▸ **WORK ORDER**: The copy you produce must hold every record exactly, and none of the images.

══════════

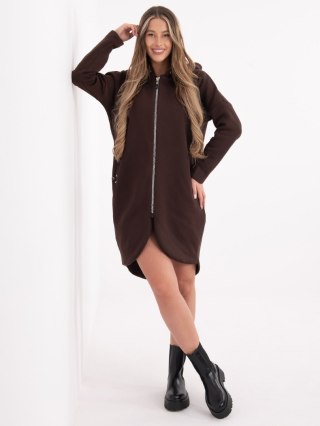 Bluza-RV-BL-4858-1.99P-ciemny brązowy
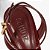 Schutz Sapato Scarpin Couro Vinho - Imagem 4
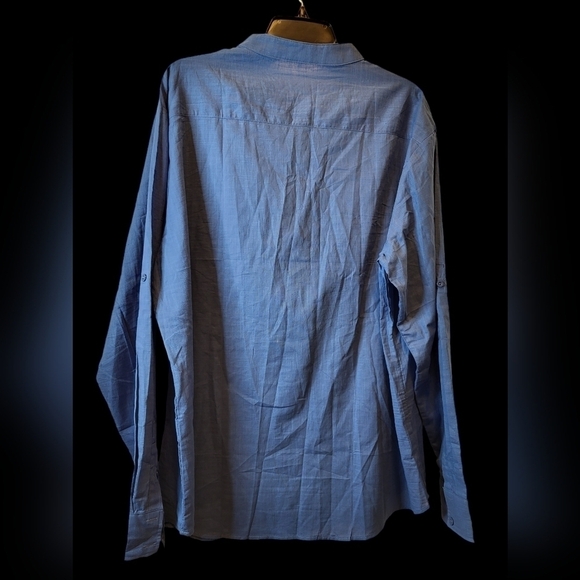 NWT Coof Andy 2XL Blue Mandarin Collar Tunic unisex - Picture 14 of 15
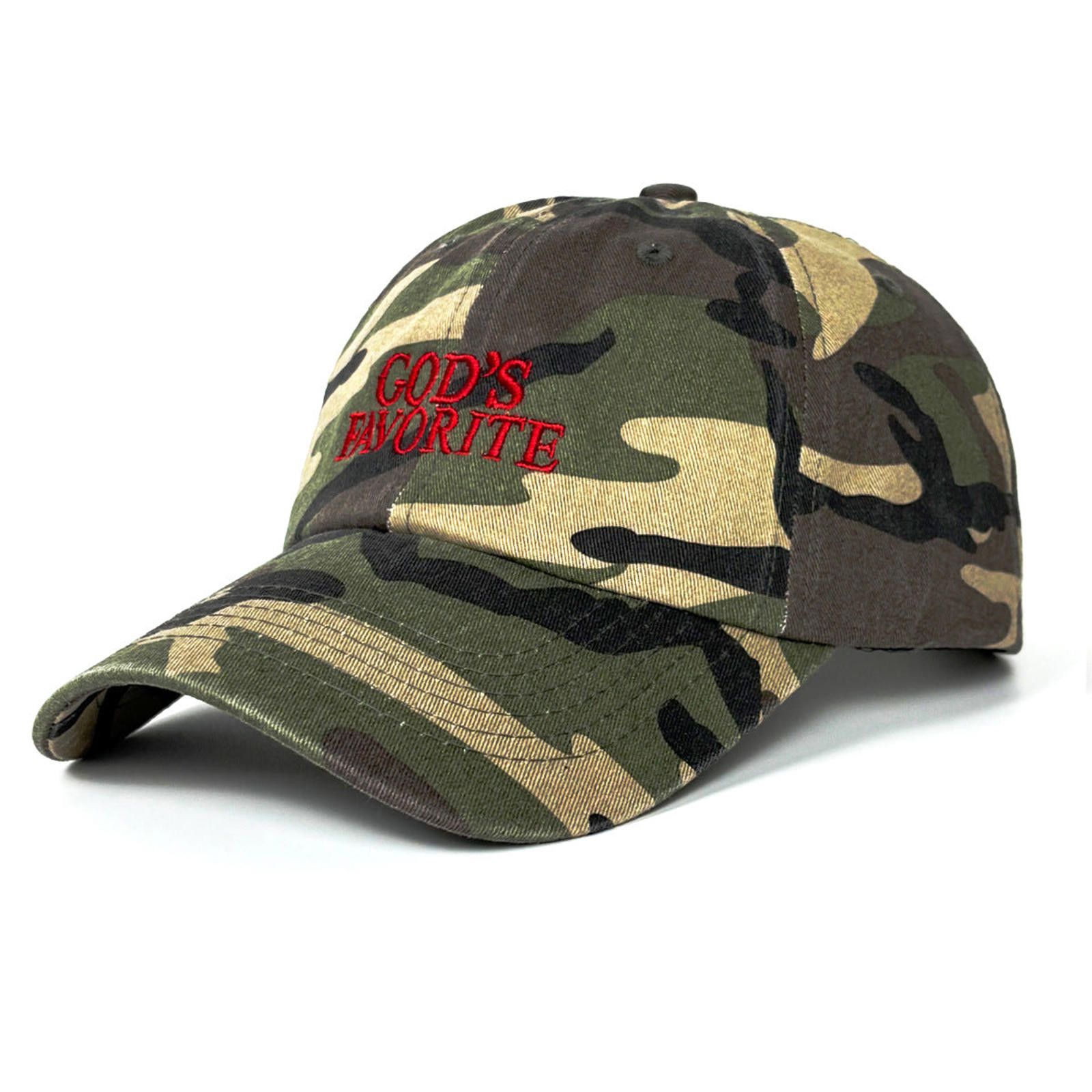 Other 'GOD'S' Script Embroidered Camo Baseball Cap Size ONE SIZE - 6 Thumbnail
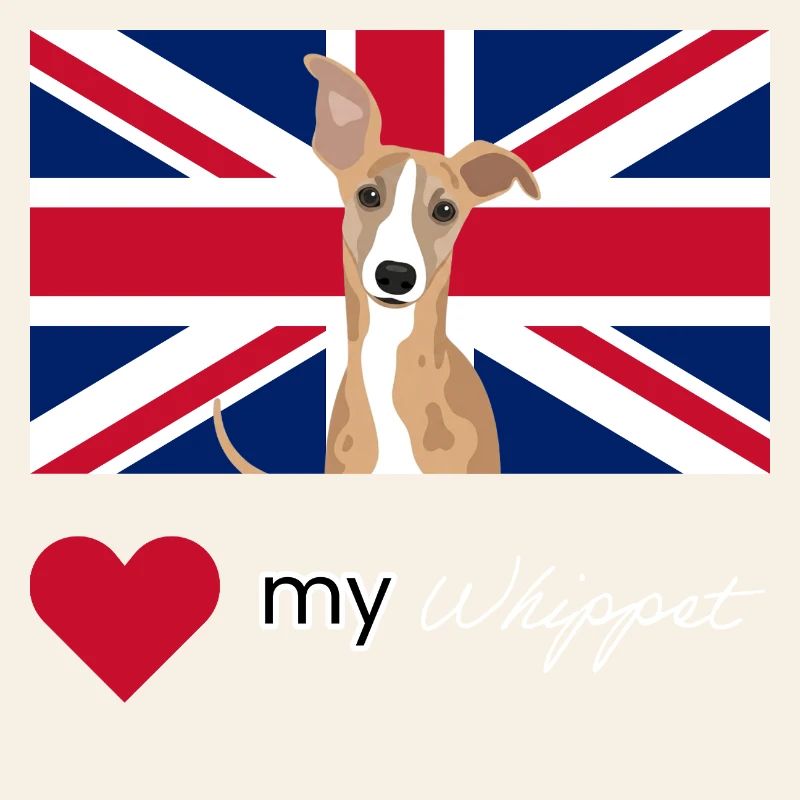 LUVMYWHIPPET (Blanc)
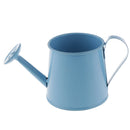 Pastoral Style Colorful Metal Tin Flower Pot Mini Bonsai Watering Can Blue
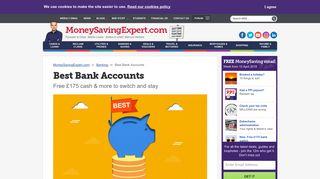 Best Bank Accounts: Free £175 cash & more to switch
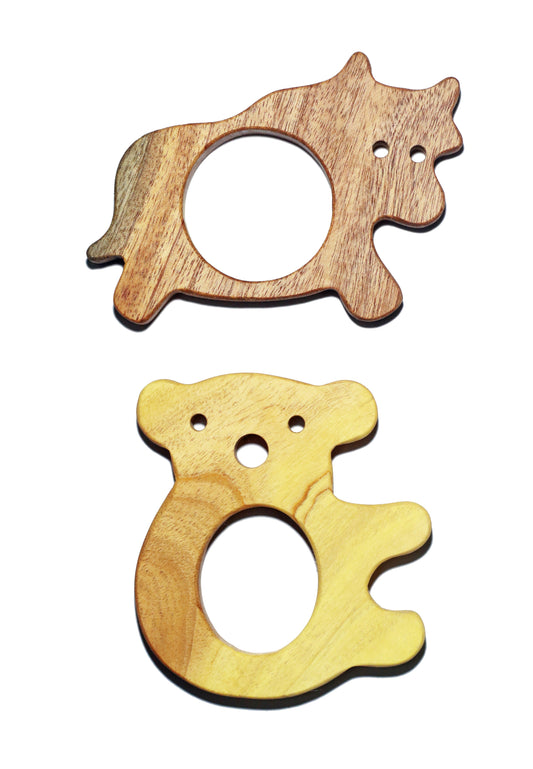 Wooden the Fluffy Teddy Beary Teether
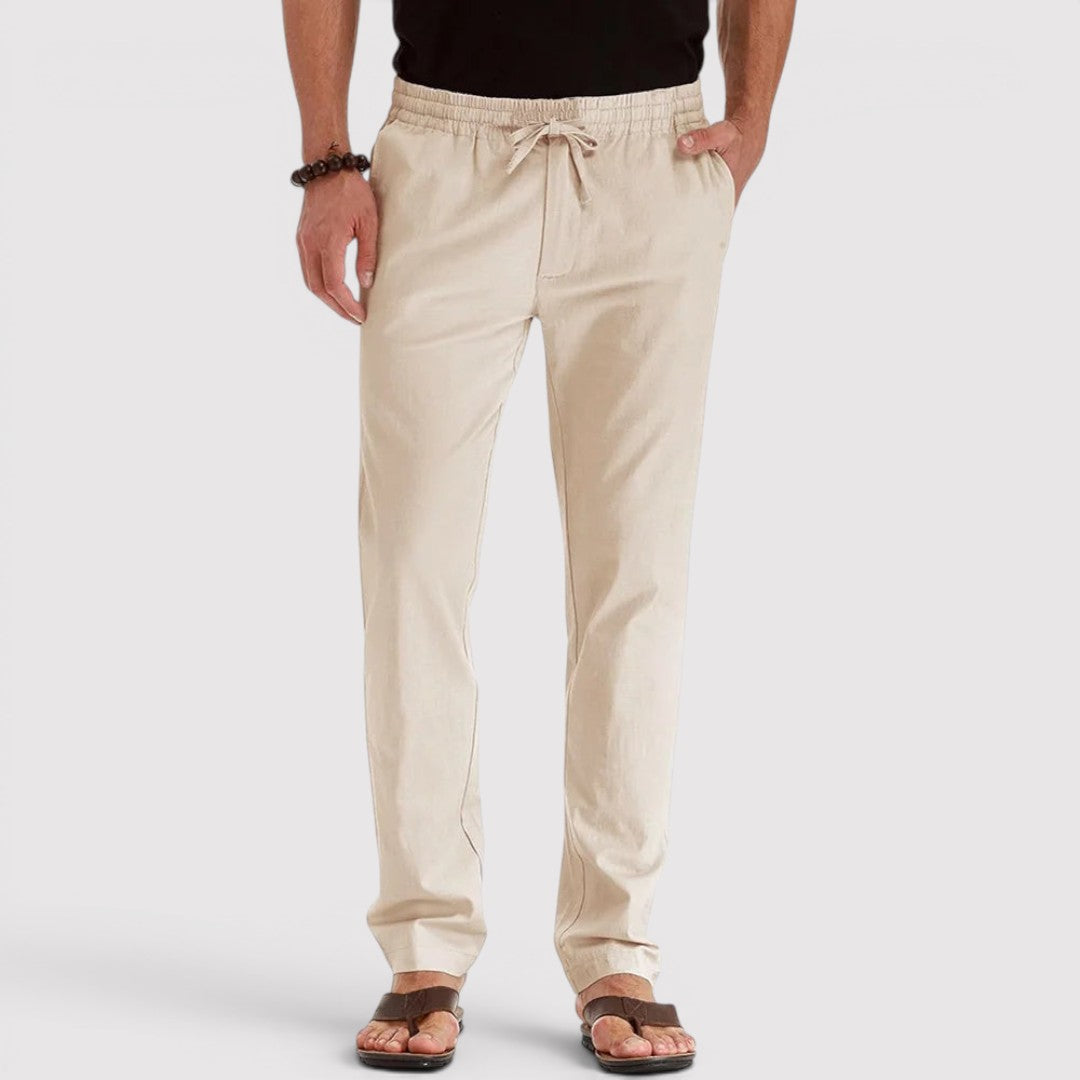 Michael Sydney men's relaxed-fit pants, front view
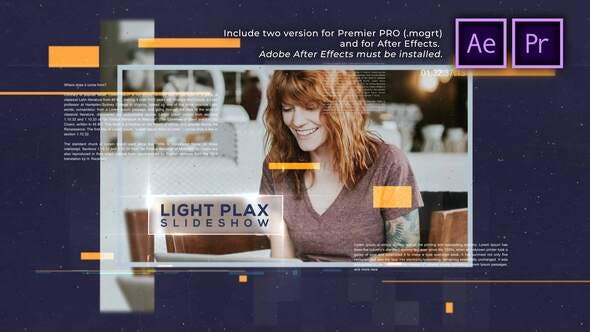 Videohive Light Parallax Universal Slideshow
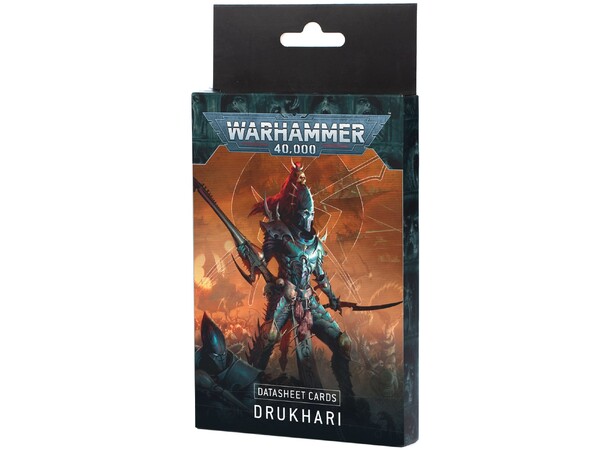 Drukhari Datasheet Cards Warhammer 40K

══════════

▸ **YOUR RESPONSE**:
 Bluza-RV-BL-4858-1.99P-ciemny brązowy
 Schutz Sapato Scarpin Couro Vinho - Imagem 4
 NWT Coof Andy 2XL Blue Mandarin Collar Tunic unisex - Picture 14 of 15
 Other 'GOD'S' Script Embroidered Camo Baseball Cap Size ONE SIZE - 6 Thumbnail
 LUVMYWHIPPET (Blanc)
 Pastoral Style Colorful Metal Tin Flower Pot Mini Bonsai Watering Can Blue
 Best Bank Accounts: Free £175 cash & more to switch
 Wooden the Fluffy Teddy Beary Teether
 Michael Sydney men's relaxed-fit pants, front view
 Videohive Light Parallax Universal Slideshow
 Drukhari Datasheet Cards Warhammer 40K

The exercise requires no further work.